Antalya zirvesi öncesi, içinden, sonrasından yapılmış değerlendirmeleri anımsıyor musunuz? Uzman görüşleriyle bakılmış falların, liderlerin ilan ettikleri sonuçların ne kadarı gerçekleşti, doğru çıktı? Nerelerden büyük çuvallamalar yaşandı?..

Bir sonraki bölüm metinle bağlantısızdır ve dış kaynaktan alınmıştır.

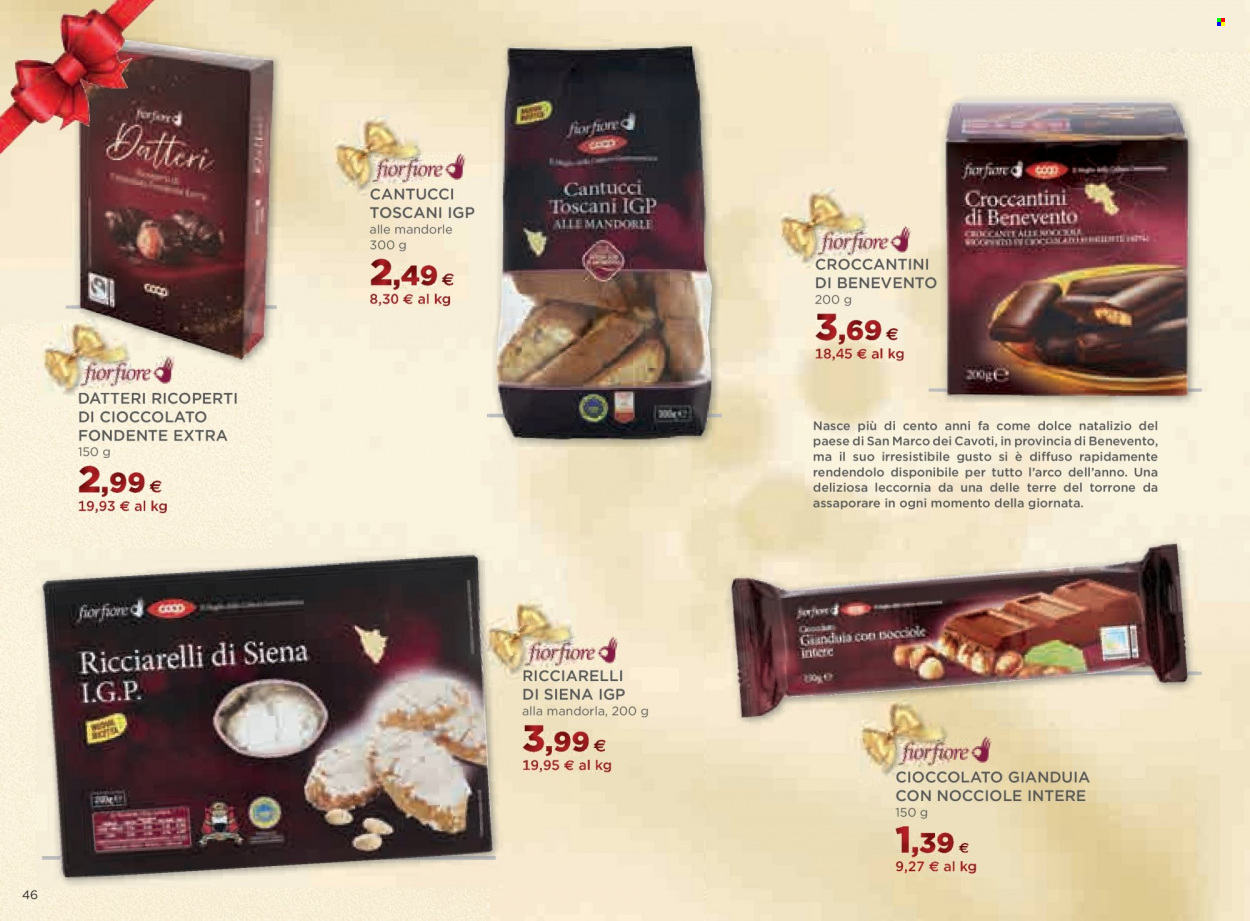 Volantino Coop - 24/11/2022 - 31/12/2022. Pagina 46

Milyarlarca dünyalının aradan geçen süreç içinde, Çin’deki zirveye gelene kadar katlanan boyutlarda ağır bedeller ödedikleri ortada... Antalya zirvesine ülkemiz kamuoyunda bağlanan umutları hele bir anımsamaya çalışalım... Çin zirvesine kadar başımıza gelenlerin canımızı en ağır boyutları ile yakan yaşadıklarımızı sıralamak bu köşeye sığmayacağı için en vahimleriyle aklımızdan geçirmeye çalışalım... Çin zirvesi odaklı bizi en çok ilgilendiren kamuoyumuza ulaşmakta olan müjdeli haberlere; Cumhurbaşkanı Erdoğan ile Çin-Rusya-Almanya- ABD liderleriyle yapılan ikili görüşmelerin, liderlerin ağızlarından doğrudan yapılan açıklamalardaki resmi bilgilendirmelerin, uzman oldukları varsayılanların değerlendirmelerinin satır aralarından çıkartılabilecek umutlu gelecek yorumlarını toplayalım...
***
Enseyi karartmak insanın yaşama sarılmasına, doğasına aykırı kuşkusuz, ama liderlerin çoğunlukla yan yana dururken ya da ayrı ayrı söylemlerini ölçü almak da, gerçekçi olmamak, iki ayağı üzerinde durmamak, sonrasında öngörülemeyen ağır düş kırıklıkları anlamına geliyor... AntalyaÇin zirveleri arasında neler umup neler yaşadıklarımızdan en azından dersler çıkaramazsak, iki ayağımızın üzerine yere sağlam basmak, dik durmak şöyle dursun, kendimizi aptal yerine koymak, olmaz mı?..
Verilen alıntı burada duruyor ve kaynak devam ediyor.